Input records START

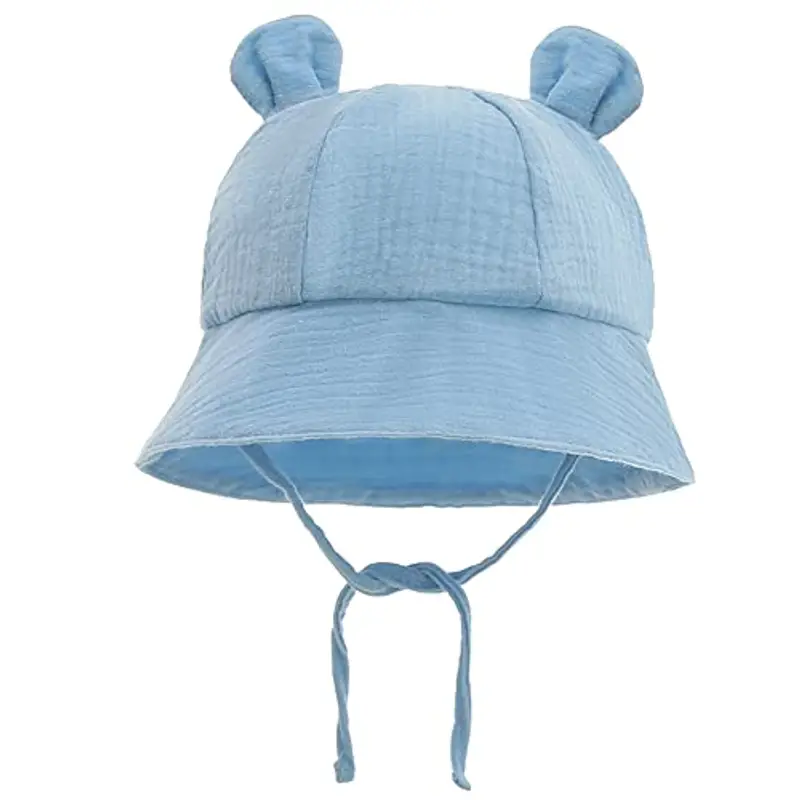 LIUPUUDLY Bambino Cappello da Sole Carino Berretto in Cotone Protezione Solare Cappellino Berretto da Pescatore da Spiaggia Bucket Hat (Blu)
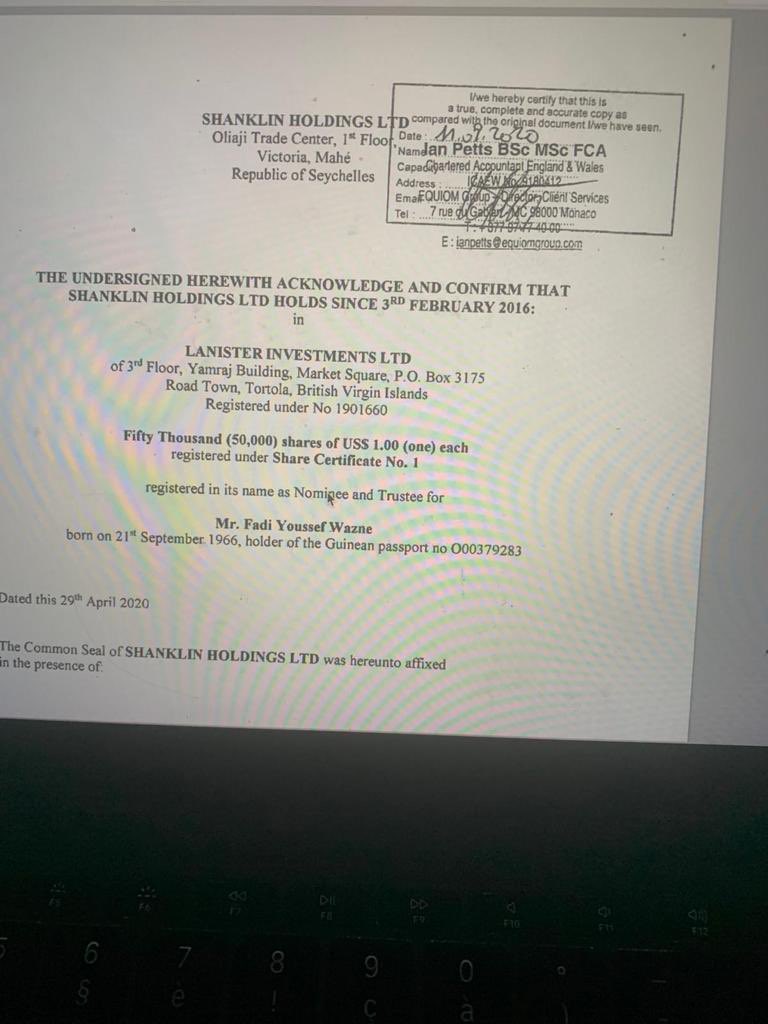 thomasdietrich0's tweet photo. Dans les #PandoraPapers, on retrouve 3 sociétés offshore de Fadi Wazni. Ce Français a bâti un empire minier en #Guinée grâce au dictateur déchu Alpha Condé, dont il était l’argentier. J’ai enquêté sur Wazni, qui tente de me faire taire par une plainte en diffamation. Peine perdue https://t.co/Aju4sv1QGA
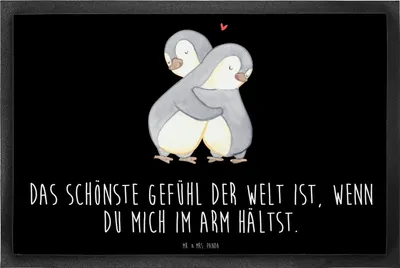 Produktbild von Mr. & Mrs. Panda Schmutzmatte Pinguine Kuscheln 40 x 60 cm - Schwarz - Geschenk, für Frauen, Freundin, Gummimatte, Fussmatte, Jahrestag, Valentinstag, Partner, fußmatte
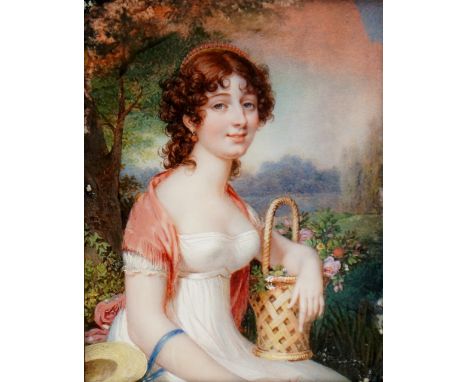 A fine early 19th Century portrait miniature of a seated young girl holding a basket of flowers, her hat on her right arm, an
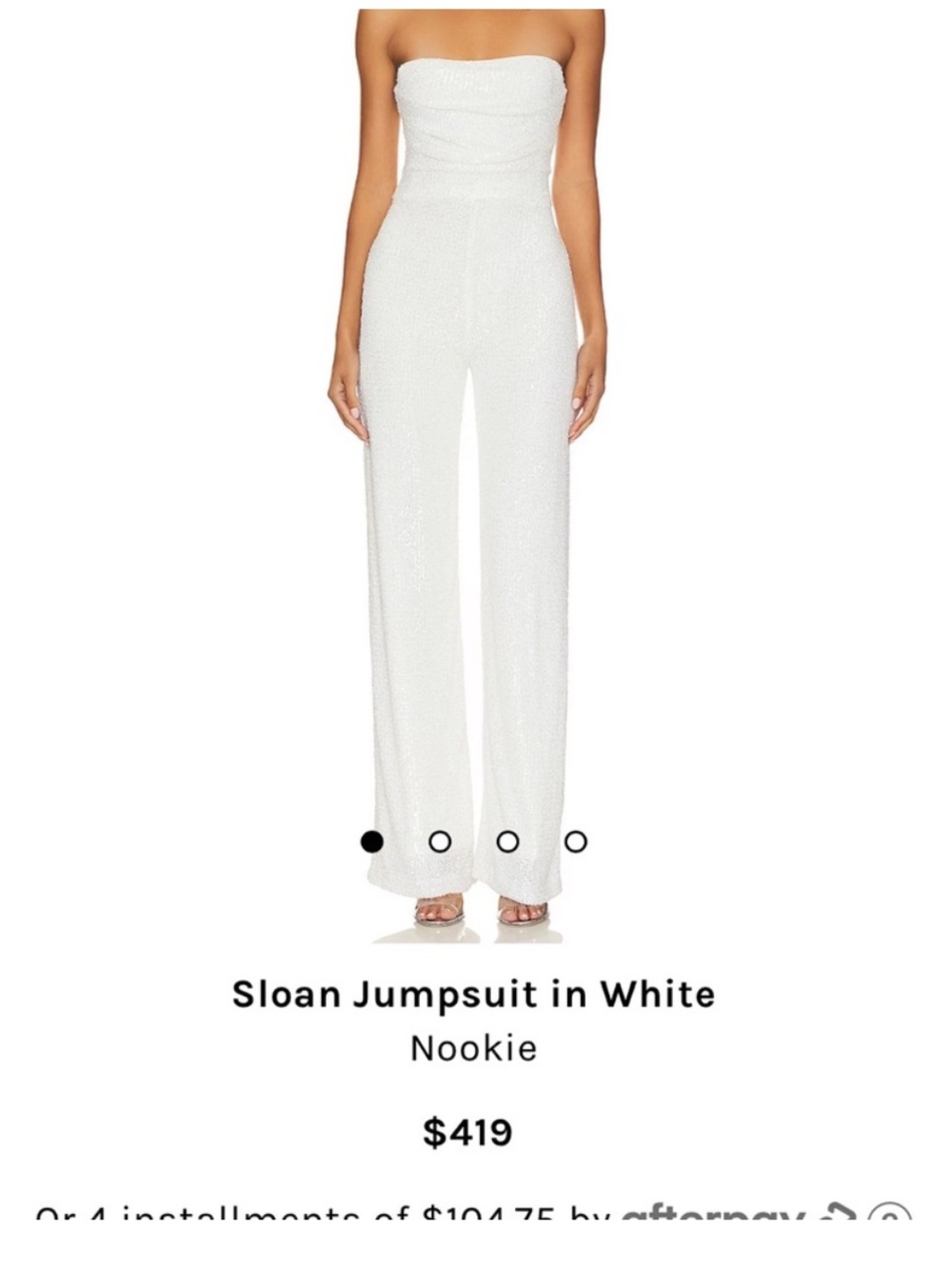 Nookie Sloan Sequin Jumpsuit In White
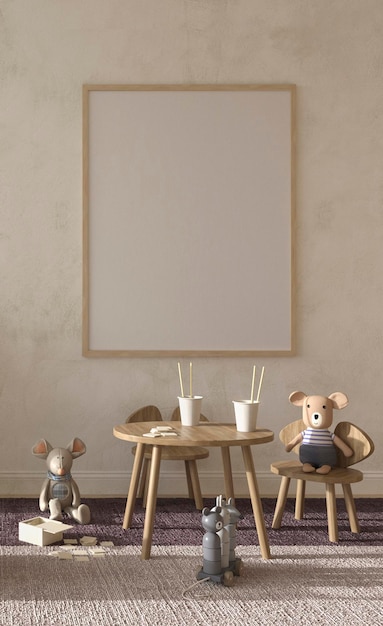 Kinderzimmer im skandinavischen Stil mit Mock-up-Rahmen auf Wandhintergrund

Input records END

What is needed:
Exact repeat, pictures omitted: give every line from the top of the records down to and including the line with "Produktbild von Mr.".

Task solution:
 LIUPUUDLY Bambino Cappello da Sole Carino Berretto in Cotone Protezione Solare Cappellino Berretto da Pescatore da Spiaggia Bucket Hat (Blu)
 thomasdietrich0's tweet photo. Dans les #PandoraPapers, on retrouve 3 sociétés offshore de Fadi Wazni. Ce Français a bâti un empire minier en #Guinée grâce au dictateur déchu Alpha Condé, dont il était l’argentier. J’ai enquêté sur Wazni, qui tente de me faire taire par une plainte en diffamation. Peine perdue https://t.co/Aju4sv1QGA
 Produktbild von Mr. & Mrs. Panda Schmutzmatte Pinguine Kuscheln 40 x 60 cm - Schwarz - Geschenk, für Frauen, Freundin, Gummimatte, Fussmatte, Jahrestag, Valentinstag, Partner, fußmatte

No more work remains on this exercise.